Kehidupan penduduk Indonesia di perbatasan dengan Malaysia tiba-tiba menjadi isu sexy seiring munculnya berbagai ketegangan antara dua bangsa serumpun itu. Kita terlebih dahulu mesti berterima kasih kepada pembuat film ini, yang sudah mau bersusah-payah mengangkat persoalan pelik tersebut. Ini sungguh sumbangan tiada terkira guna memperkaya khazanah sosial-budaya perfilman Indonesia.
Film ini dibuat dengan semangat memotret tragedi nasionalisme di desa perbatasan Indonesia-Malaysia. Melalui cerita keluarga yang terbelah (ayah dan anak perempuannya pindah ke Malaysia untuk mencari kehidupan yang lebih baik, sedangkan anak laki-laki dan kakeknya yang bekas pejuang memilih tetap bertahan di tengah “hujan batu di negeri sendiri”), kita pelan-pelan diajak melihat berbagai ketertinggalan dan keterasingan masyarakat di sana terhadap negaranya sendiri. Jauh dari penggambaran Koes Plus dalam lagu Kolam Susu, yang penggalan liriknya (Orang bilang tanah kita tanah surga…) dijadikan judul.
Hal itu sekaligus kritik pedas mengenai absennya negara atau ketidakpedulian pemerintah Republik Indonesia. Perhatikan bagaimana tokoh guru dan dokter yang merupakan simbol dari “perhatian pusat terhadap daerah” hadir di sana karena “kecelakaan”, yakni terpaksa dan mau coba-coba saja.

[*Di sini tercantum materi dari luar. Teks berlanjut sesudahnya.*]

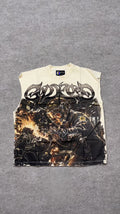Godspeed sleeveless Tee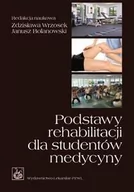 Książki medyczne - Wydawnictwo Lekarskie PZWL Podstawy rehabilitacji dla studentów medycyny - Wydawnictwo Lekarskie PZWL - miniaturka - grafika 1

Tapi entah mengapa, penulis dan sutradara memilih pendekatan yang sarat komedi, antara lain melalui karakter komikal representasi negara: kepala desa dan pejabat dari pusat. Akibatnya fatal. Tragedi yang terjadi di wilayah terpencil tersebut jadi kehilangan sisi tragisnya, dan komedi itu pun hanya berhenti menjadi banyolan, jauh dari satir.
Lebih gawat lagi, film ini berhasrat membangkitkan nasionalisme penonton, yang berada di titik terendah setelah menyaksikan betapa terlantarnya warga Indonesia di perbatasan, cukup dengan cerita pengalaman heroik Sang Kakek mengusir tentara Gurkha ditambah sejumlah sentimen kebencian terhadap (warga) Malaysia. Misalnya, penggambaran istri baru Si Ayah yang gemuk, jelek, dan pemalas. Juga pedagang yang menggelar barang jualannya di atas bendera merah-putih, atau supir angkutan di garis perbatasan (di scene awal memakai kaos “I Love Malaysia”) yang dikesankan sebagai tentara Gurkha.
Lalu, tanpa mau repot-repot menawarkan solusi, film ditutup dengan petuah agar apapun yang terjadi kita jangan sampai kehilangan rasa cinta pada negeri ini. Padahal, cinta juga membutuhkan alasan, betapa pun tidak rasionalnya. Dan film ini gagal memberikan satu saja alasan untuk memelihara nasionalisme di tengah persoalan besar dan pelik tersebut.